**Task details**.
Please reproduce the entries below exactly as they stand, but leave the pictures out.
*** Opening Data ***
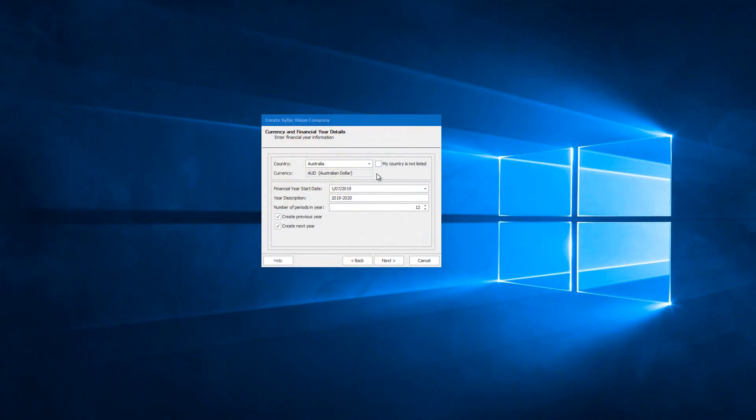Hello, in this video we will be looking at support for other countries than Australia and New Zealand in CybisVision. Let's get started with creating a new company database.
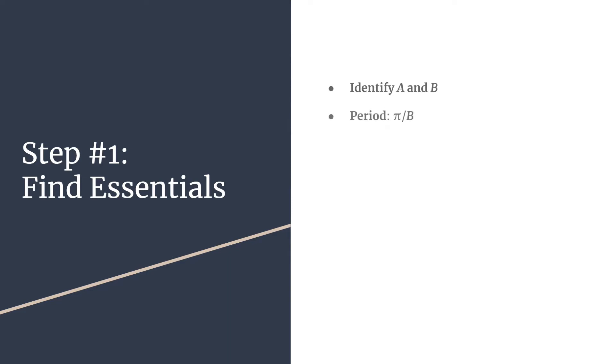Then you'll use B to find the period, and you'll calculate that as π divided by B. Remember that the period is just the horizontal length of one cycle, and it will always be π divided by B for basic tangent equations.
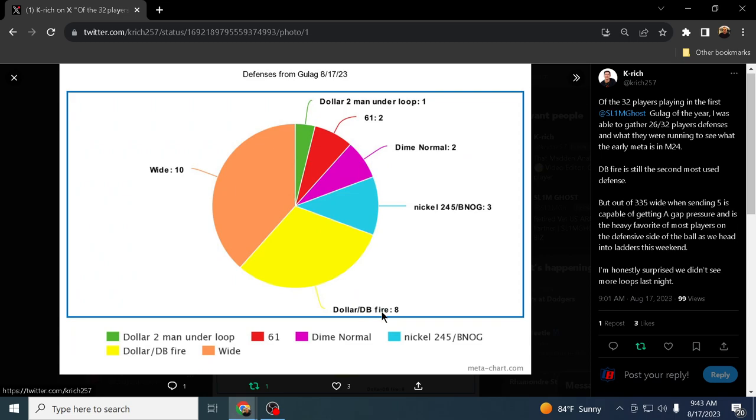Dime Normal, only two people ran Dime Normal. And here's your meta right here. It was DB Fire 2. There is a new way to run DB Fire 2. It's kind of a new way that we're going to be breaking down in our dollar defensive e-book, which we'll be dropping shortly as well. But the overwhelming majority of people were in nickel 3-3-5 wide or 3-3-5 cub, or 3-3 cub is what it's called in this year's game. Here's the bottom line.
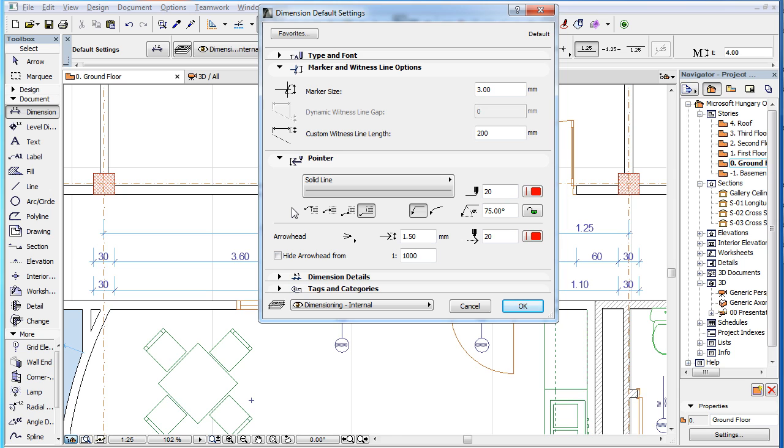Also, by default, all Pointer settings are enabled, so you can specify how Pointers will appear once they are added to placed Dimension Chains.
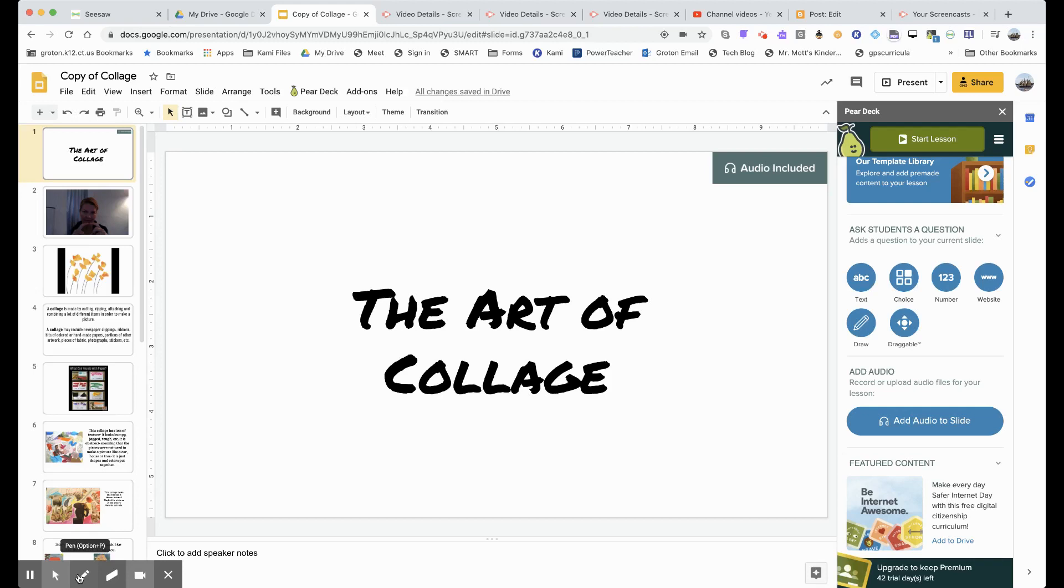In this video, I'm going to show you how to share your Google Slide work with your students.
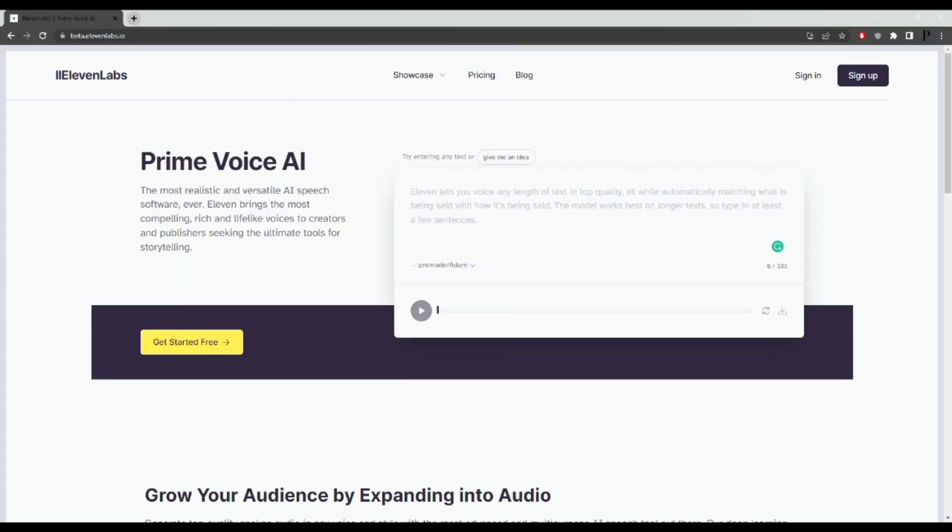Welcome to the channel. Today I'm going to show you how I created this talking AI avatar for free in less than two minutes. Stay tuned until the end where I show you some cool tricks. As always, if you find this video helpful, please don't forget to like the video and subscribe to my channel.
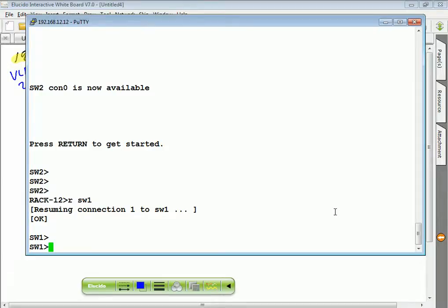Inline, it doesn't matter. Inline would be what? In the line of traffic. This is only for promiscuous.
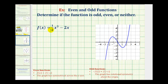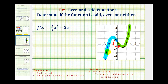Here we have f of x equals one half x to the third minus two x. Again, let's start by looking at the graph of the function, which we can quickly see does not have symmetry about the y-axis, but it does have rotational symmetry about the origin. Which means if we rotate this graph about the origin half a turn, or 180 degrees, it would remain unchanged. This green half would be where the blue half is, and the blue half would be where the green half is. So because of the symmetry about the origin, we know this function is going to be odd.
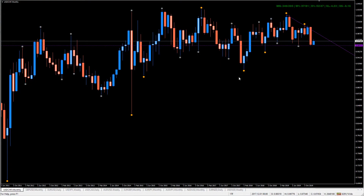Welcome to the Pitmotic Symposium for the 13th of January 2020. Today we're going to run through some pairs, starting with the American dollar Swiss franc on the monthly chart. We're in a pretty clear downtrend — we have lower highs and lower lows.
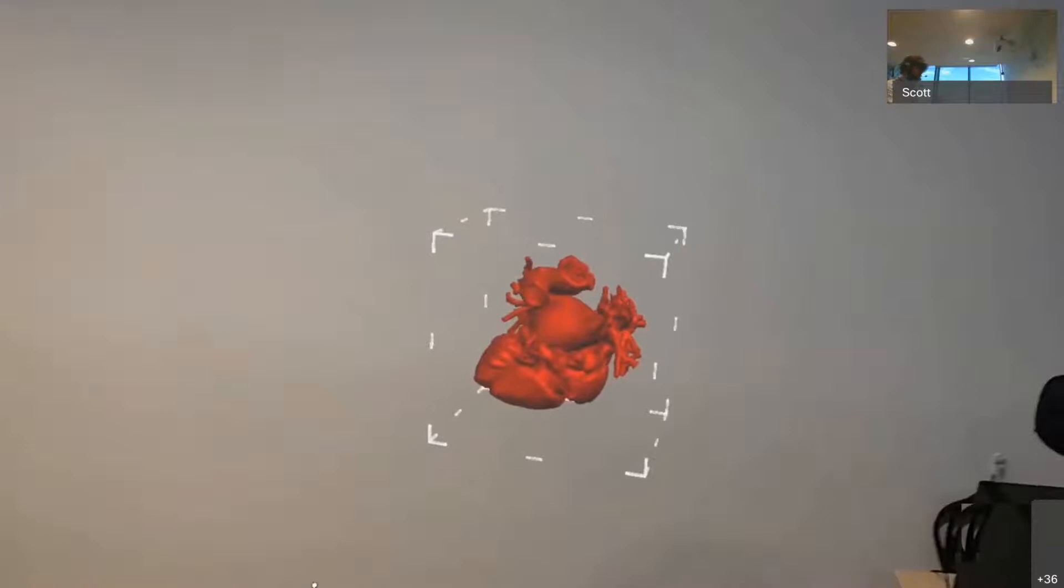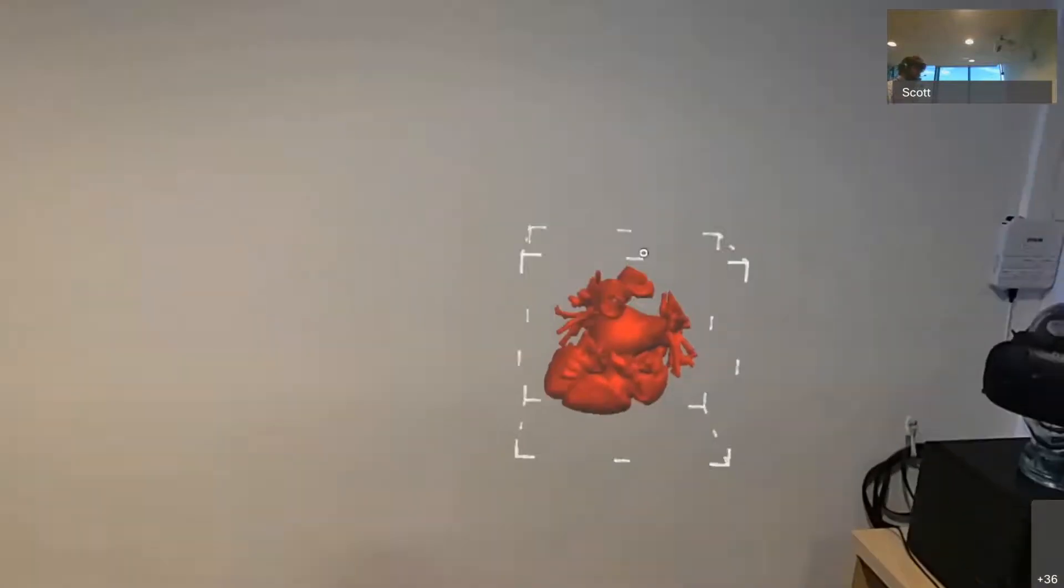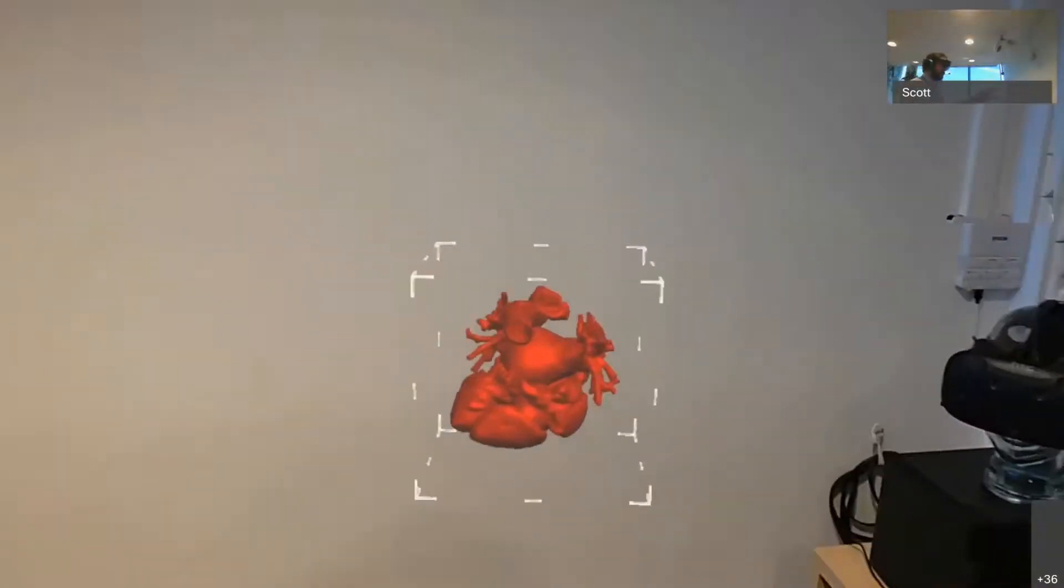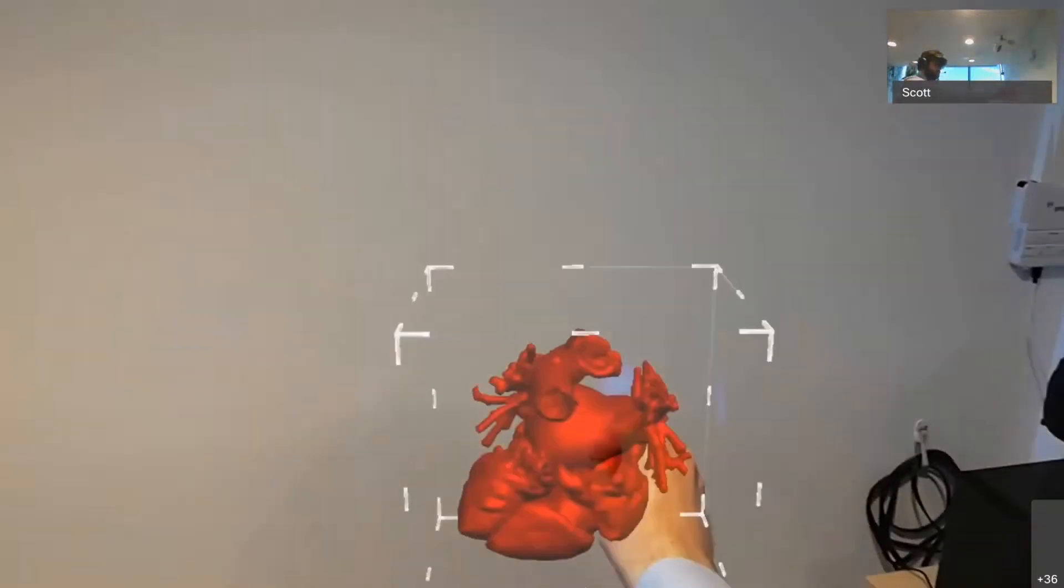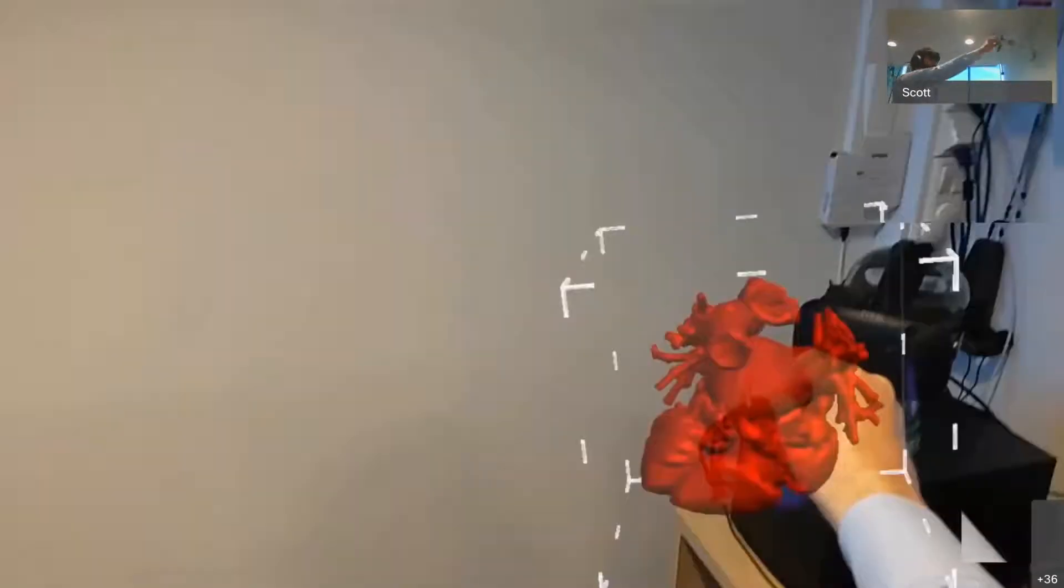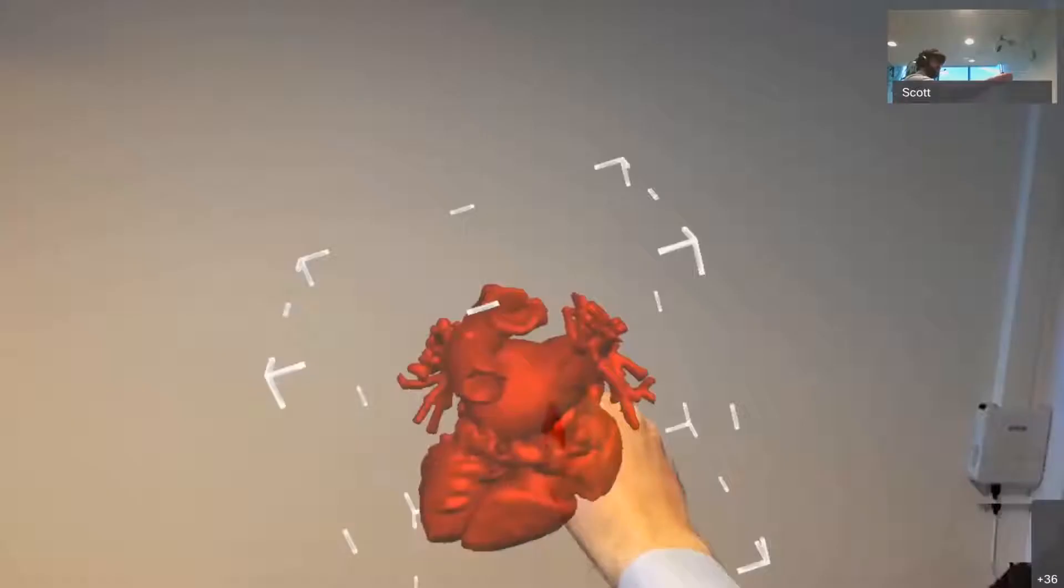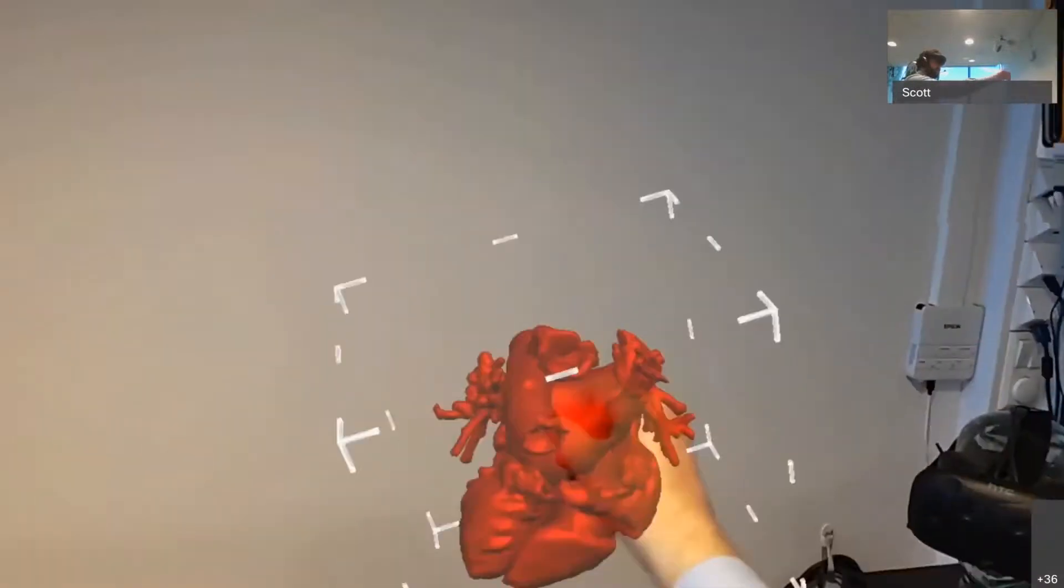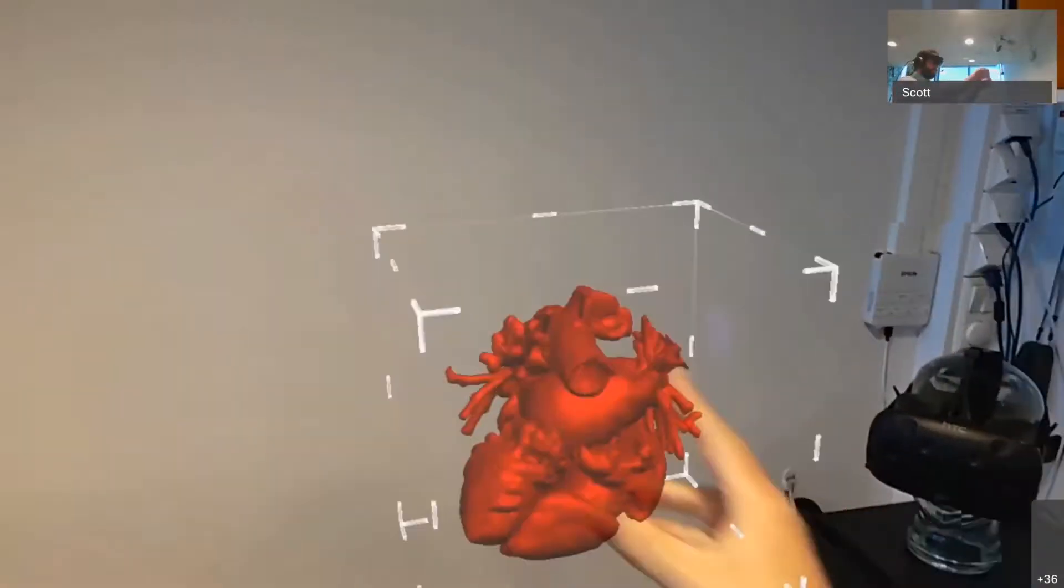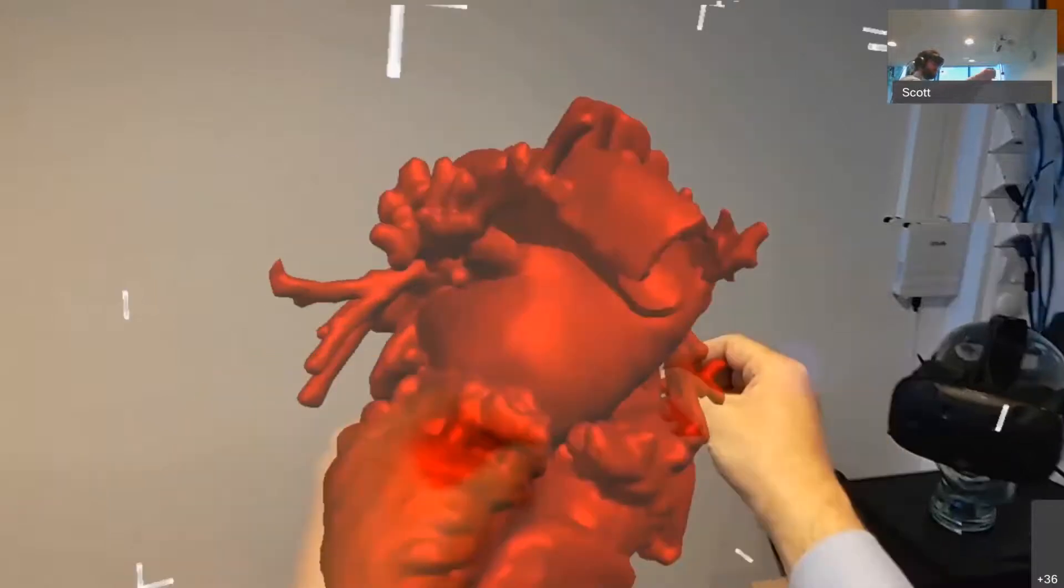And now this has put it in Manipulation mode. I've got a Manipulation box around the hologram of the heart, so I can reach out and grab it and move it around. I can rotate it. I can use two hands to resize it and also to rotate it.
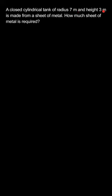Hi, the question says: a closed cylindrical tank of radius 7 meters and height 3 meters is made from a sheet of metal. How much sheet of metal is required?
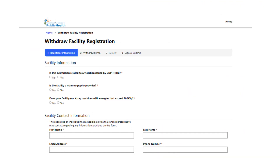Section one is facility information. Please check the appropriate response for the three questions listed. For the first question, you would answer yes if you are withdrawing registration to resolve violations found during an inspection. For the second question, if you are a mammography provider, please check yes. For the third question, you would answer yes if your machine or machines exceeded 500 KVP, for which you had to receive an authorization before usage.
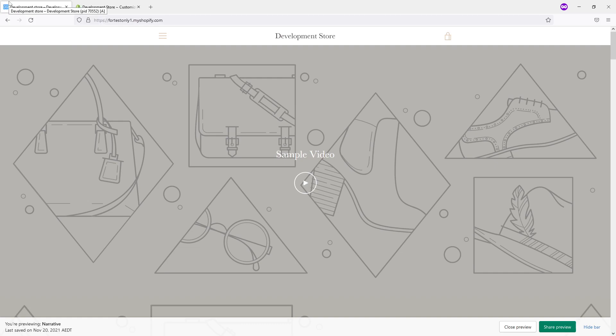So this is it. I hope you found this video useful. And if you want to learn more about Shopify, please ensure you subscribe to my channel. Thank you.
*** Closing Data ***
**Result for this exercise**.
Hello, in this video we will be looking at support for other countries than Australia and New Zealand in CybisVision. Let's get started with creating a new company database.
Then you'll use B to find the period, and you'll calculate that as π divided by B. Remember that the period is just the horizontal length of one cycle, and it will always be π divided by B for basic tangent equations.
Dime Normal, only two people ran Dime Normal. And here's your meta right here. It was DB Fire 2. There is a new way to run DB Fire 2. It's kind of a new way that we're going to be breaking down in our dollar defensive e-book, which we'll be dropping shortly as well. But the overwhelming majority of people were in nickel 3-3-5 wide or 3-3-5 cub, or 3-3 cub is what it's called in this year's game. Here's the bottom line.
Also, by default, all Pointer settings are enabled, so you can specify how Pointers will appear once they are added to placed Dimension Chains.
In this video, I'm going to show you how to share your Google Slide work with your students.
Welcome to the channel. Today I'm going to show you how I created this talking AI avatar for free in less than two minutes. Stay tuned until the end where I show you some cool tricks. As always, if you find this video helpful, please don't forget to like the video and subscribe to my channel.
Inline, it doesn't matter. Inline would be what? In the line of traffic. This is only for promiscuous.
Here we have f of x equals one half x to the third minus two x. Again, let's start by looking at the graph of the function, which we can quickly see does not have symmetry about the y-axis, but it does have rotational symmetry about the origin. Which means if we rotate this graph about the origin half a turn, or 180 degrees, it would remain unchanged. This green half would be where the blue half is, and the blue half would be where the green half is. So because of the symmetry about the origin, we know this function is going to be odd.
Welcome to the Pitmotic Symposium for the 13th of January 2020. Today we're going to run through some pairs, starting with the American dollar Swiss franc on the monthly chart. We're in a pretty clear downtrend — we have lower highs and lower lows.
And now this has put it in Manipulation mode. I've got a Manipulation box around the hologram of the heart, so I can reach out and grab it and move it around. I can rotate it. I can use two hands to resize it and also to rotate it.
Hi, the question says: a closed cylindrical tank of radius 7 meters and height 3 meters is made from a sheet of metal. How much sheet of metal is required?
Section one is facility information. Please check the appropriate response for the three questions listed. For the first question, you would answer yes if you are withdrawing registration to resolve violations found during an inspection. For the second question, if you are a mammography provider, please check yes. For the third question, you would answer yes if your machine or machines exceeded 500 KVP, for which you had to receive an authorization before usage.
So this is it. I hope you found this video useful. And if you want to learn more about Shopify, please ensure you subscribe to my channel. Thank you.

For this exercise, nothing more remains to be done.